A MURAL linking Ukip leader Nigel Farage with Adolf Hitler has been described as “patronising” to working class voters by Scotland’s only Ukip MEP.
St John’s Espiscopal Church, in Princes Street, unveiled the controversial mural this week, which portrays a grinning Mr Farage standing in front of Hitler, Oswald Mosley and former BNP leader Nick Griffin. The top corner of the image simply reads “Evolution?”.
David Coburn, Ukip MEP for Scotland, told the Evening News: “It is an insult to Ukip voters in Scotland. It’s a slap in the face to people by comparing them to fascists. Many of the people who voted for me are Episcopalians or Church of Scotland, and good Christians.”
The mural is more likely to help the party rather than harm them, he added, pointing out that very often this sort of gesture had backfired in England.

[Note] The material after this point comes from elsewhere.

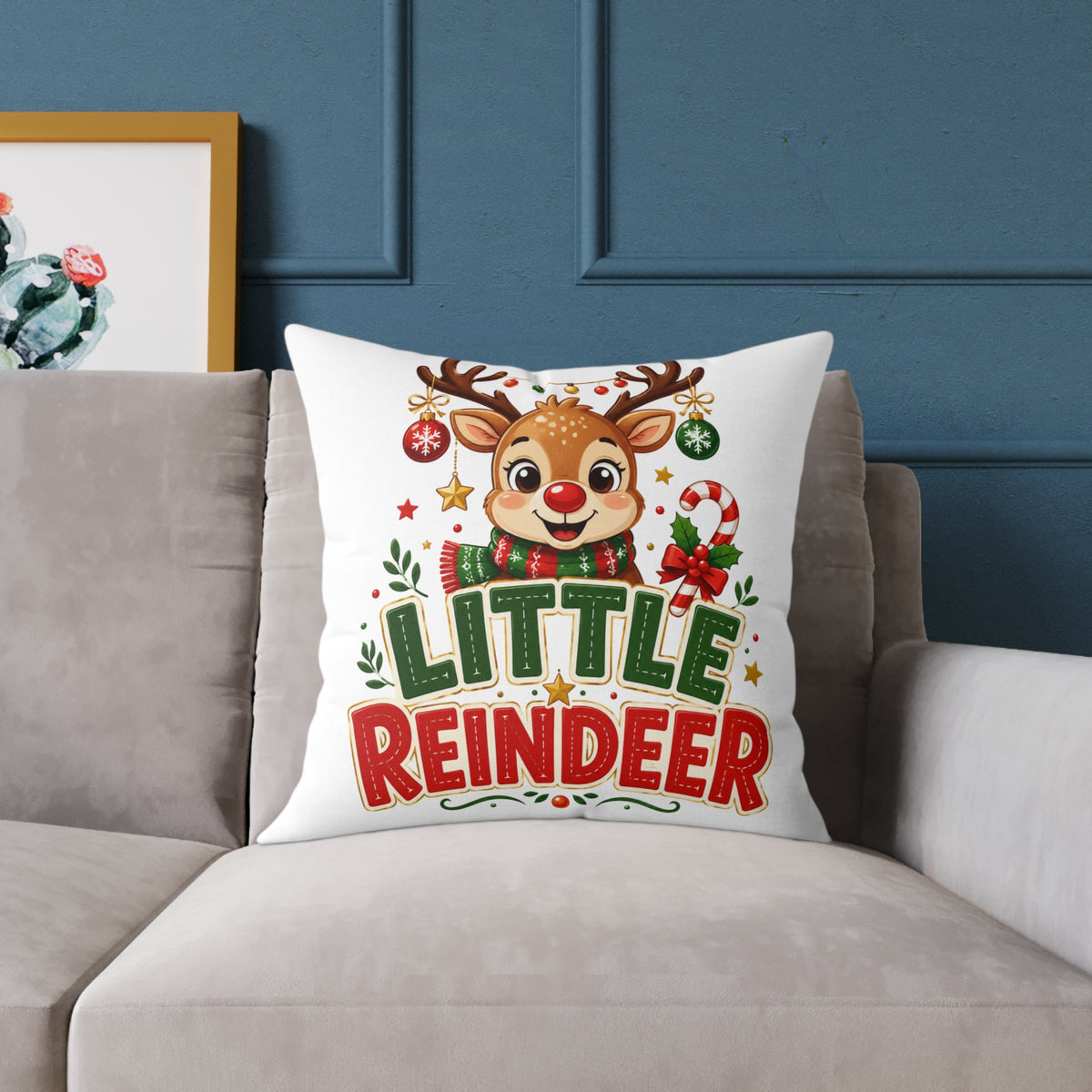 Little Reindeer Christmas Throw Pillow - Cute Kids Holiday Decor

Mr Coburn said: “I think if anything it is a recruiting poster for us.
“There is nothing hardworking Scots like better than to be patronised by a bunch of clergymen.”
But the move was defended by former Church of Scotland minister Ewan Aitken, who said the church had to remain relevant by engaging with contemporary issues.
Mr Aitken, a former city council leader, said: “I think the murals have always pushed the boundaries.
“Whether or not you agree with the composition of the murals subjects, there are questions to be asked about a political party whose policies predicate change rather than celebrating differences.
“I think the church needs to be speaking outside its walls and challenging people in unexpected ways, on unexpected subjects.
“By being challenged, that is how you find out what you believe.”
The church has attracted controversy in the past for its murals, which have addressed the Iraq war, gay marriage and the introduction of female bishops.
The murals are intended to “provoke discussion and a response from passers-by” and are planned by a group including the Rector Markus Dünzkofer and Associate Rector Stephen Holmes, according to the church’s website.
St John’s Church was unavailable for comment when approached by the Evening News.